Data below
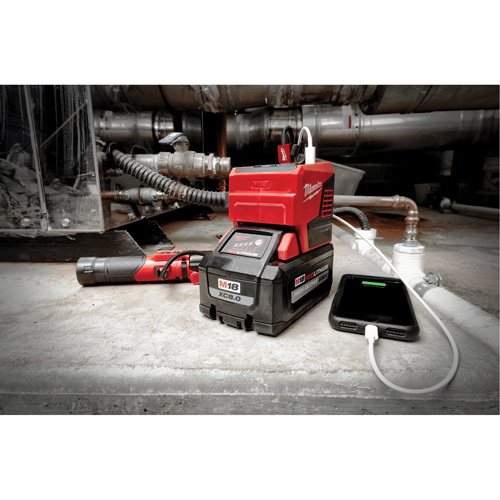 Bloc d'alimentation M18 Top-Off, 175 W Air Extreme Inc.
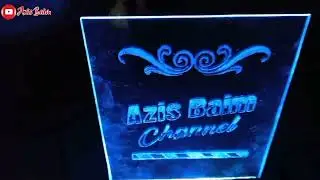 Pembuatan lampu kamar akrilik pemula wajib nonton #tutorial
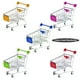 thumbnail image 4 of Linda del metal mini Compras animal doméstico del juguete del pájaro del loro de cotorras periq Carevas Mini carrito de compras, 4 of 7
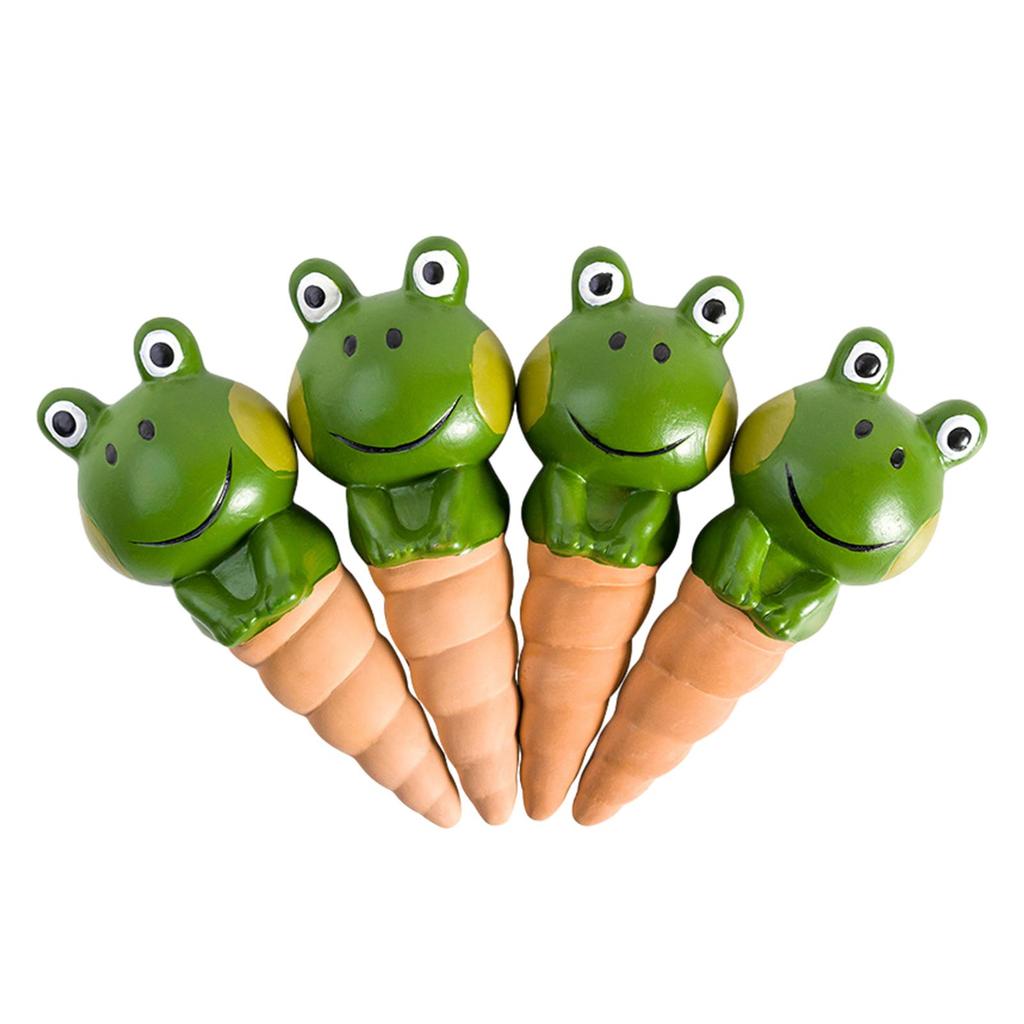 4 Pieces Self Watering Spikes ,Plant Device,Easy to Use Plants Water Drip Irrigation Stake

Task to complete
Each line from the one containing "Pembuatan lampu kamar" to the final line of the data must be printed exactly, both included, with nothing else and no pictures.

Your solution
 Pembuatan lampu kamar akrilik pemula wajib nonton #tutorial
 thumbnail image 4 of Linda del metal mini Compras animal doméstico del juguete del pájaro del loro de cotorras periq Carevas Mini carrito de compras, 4 of 7
 4 Pieces Self Watering Spikes ,Plant Device,Easy to Use Plants Water Drip Irrigation Stake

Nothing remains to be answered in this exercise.